Moata   #5   01:08 pm Jul 02 2012

While it's personally more titillating for me to see the Hamm get his randy hands on inappropriate people as often as possible (note to self, is Don Draper Hank Moody's dad?) there's only so far a character can go with that sort of behaviour before it becomes dull (see earlier Moody reference). So they really did need to take him somewhere else and as unexpected as "dopey newly-wed" was, we got to see a more relaxed, mellower Don, one who chose to learn from his past mistakes.

Mad Men has always been an ensemble show but in earlier seasons it was All About Don and I don't think it's hurt them to shift some of the narrative burden off his square, shoulder-padded shoulders. What you might lose in terms of a single driving character to follow, you gain in "holy crap Betty got fat".

ljlj   #6   01:14 pm Jul 02 2012

It needed more car chases. You're right though, it was slow, but I thought it was quite a nice and gentle way to set everyone up for their various arcs for next season. I am completely hooked on what happens next for these characters.

The only thing I would disagree with is the idea that Don and Megan ever had a near perfect marriage; there were plenty of arguements (and people being left in parking lots) to show that they were never quite on the same page. And now poor Don with his abandonment issues has had one women leave him (Peggy) so is abandoning the other one in his life before she can move on without him.

All I can say is hurry up next season.

Pluto   #7   03:15 pm Jul 02 2012

I simply love everything about Mad Men, SoHo was what got me and Mr Pluto hooked.

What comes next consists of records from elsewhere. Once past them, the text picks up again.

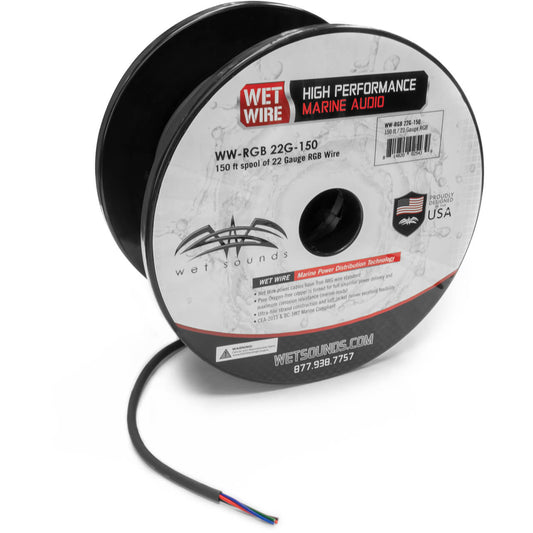 WET SOUNDS- RGB 22GA Spool | Wet Sounds Frosted RGB 22 Gauge 150' Wire Spool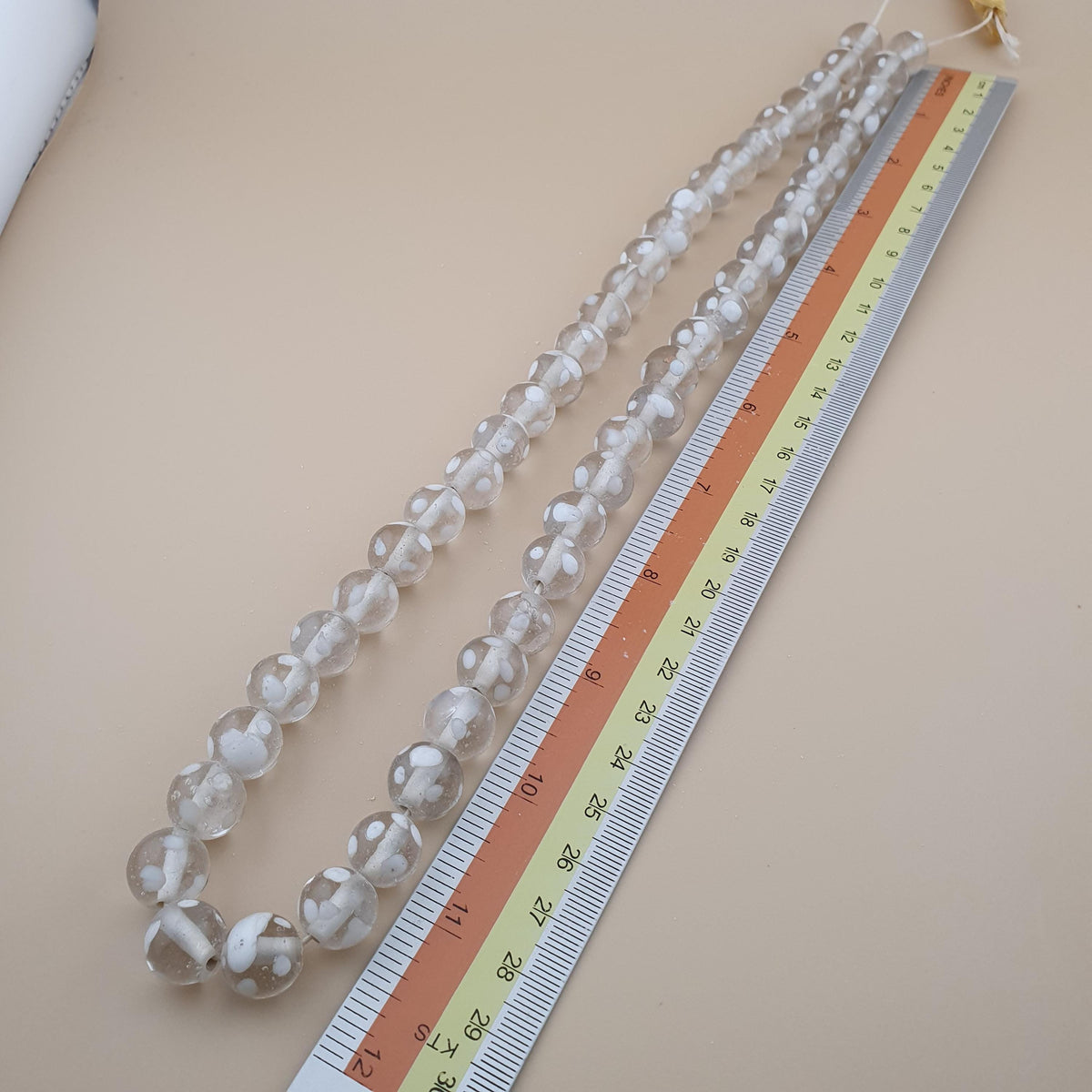Vintage Clear White Dotted Glass Beads Strands 12-13mm Beads Length 22 inches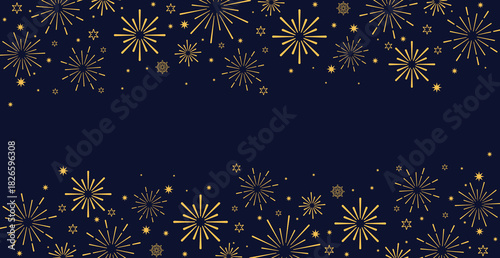 Elegant horizontal banner featuring seamless borders of golden starbursts and stars along the top and bottom. The festive pattern is set against a dark navy blue background, ideal for New Year, luxury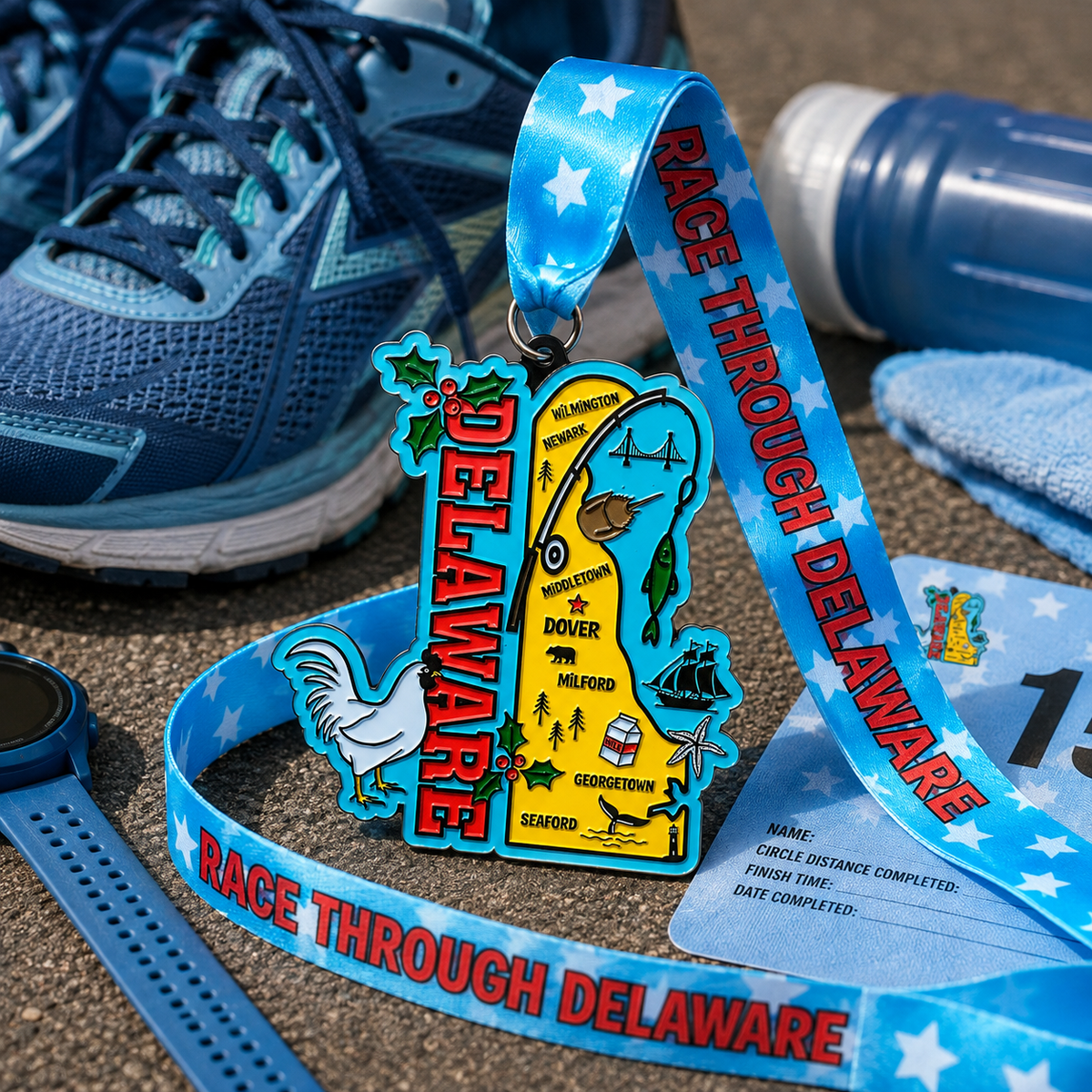 Silver medal for the Race Through Delaware Virtual Race featuring engraved race details and a decorative ribbon.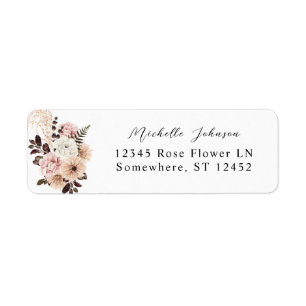 Beige & Blush Pink Rustic Floral Return Address Label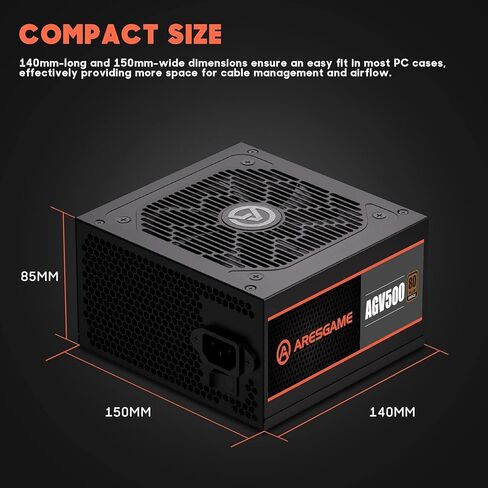 ARESGAME AGV Series 500W Power Supply, 80 Plus Bronze Certified, Non Modular Power Supply, 5 Year Warranty in Kuwait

We even started watching S1 on DVD last nite, quite interesting to see the origins of animosity between Pete and Don and what a prize bitch Joanie was to Peggy!

I actually really enjoyed the finale, after all the high drama of the last few episodes it was quite a relief to have something of a slowburn ending. That scene between Don and Peggy at the cinemas was just splendid, the mutual admiration they have for each other was gorgeous. And we got to see Roger's bum!

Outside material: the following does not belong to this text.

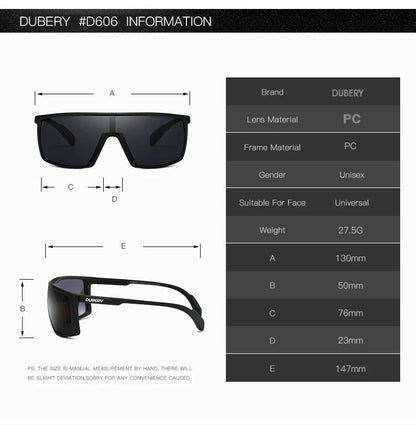 DUBERY Sunglasses Men's Retro Male Goggle Colorful SunGlasses For Fashion Brand Luxury Mirror Oversized Sun Glasses UV400 606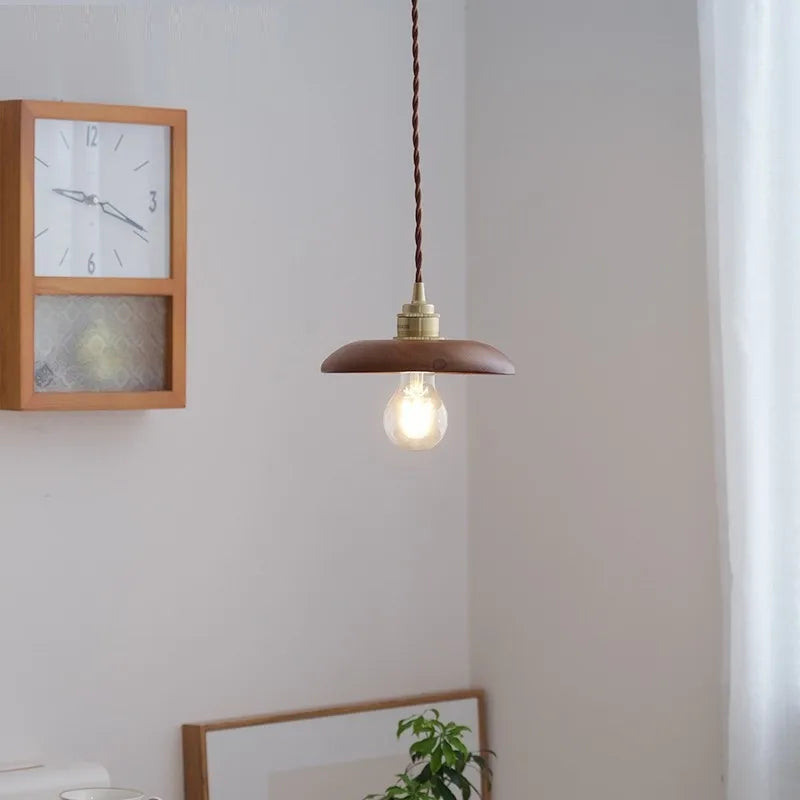 suspension led en bois et laiton style nordique moderne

Joan's 'involvement' in the 'Jagwar' deal brought me to tears and don't even start me on Lane's sad death. I wept unashamedly. So tragic!

I'm enjoying seeing Don get his Mojo back, I think his marriage to Megan is so flawed and hollow, I liked how he reminded her that SHE chose to turn her back on advertising yet she wants him to get an advertising (acting) gig. What a dastardedly thing to 'steal' the job from her pal? The fact it was this fairy tale/Sleeping Beauty set up scene was quite delicious. Poor Megan with her artistic temperament and not so artistic talents: quite the opposite to Don's previous paramour Midge!

Interesting idea about Lane and his chasing of the American dream, I never really thought of it that way, but agree: he was so upset at not being able to actively land the Jagwar deal thru his contact. Interesting how his wife spat at Don who was he to instill ambition in a man like that. Of course Lane's sacrifice has via Dead Peasant's life insurance given SCDP a greater cashflow now that he's gone. Sacrificial (easter) lamb? Burt Cooper can finally get an office!

So many highlights in this season, sheer brilliance.

dan   #8   10:38 am Jul 03 2012

The penultimate episode was by far my favorite. What a cracker and the Jaguar not starting for poor old Lane was brilliant - although I was hoping it might have saved his life for good - another great twist. Also did Betty do something to piss off the writers? Hardly any lines and she's fat! Don's speech another highlight and Roger's LSD trip was hilarious!

Jo   #9   09:13 pm Jul 03 2012

I watched the last 4 seasons on Soho each weekday night and I couldn't wait to watch each episode. I was so excited Season 5 was finally starting but it was different. Maybe cos I wasn't watching it back to back but sort of nothing happened until the end of the season. It hasn't been the highlight it previously had been for me - really a bit disappointed. Don't get me wrong I still think its good but the last four seasons were awesome - "The suitcase" being the best episode of all. This time it lacked something. Maybe I just didn't like the new and improved Don - hes far better being the bad boy.

Pat   #10   12:47 pm Jul 04 2012

I loved the scene where Don walked away from Megan filming her ad. Don despites that she asked for help to get the audition & part, Don is a self made man.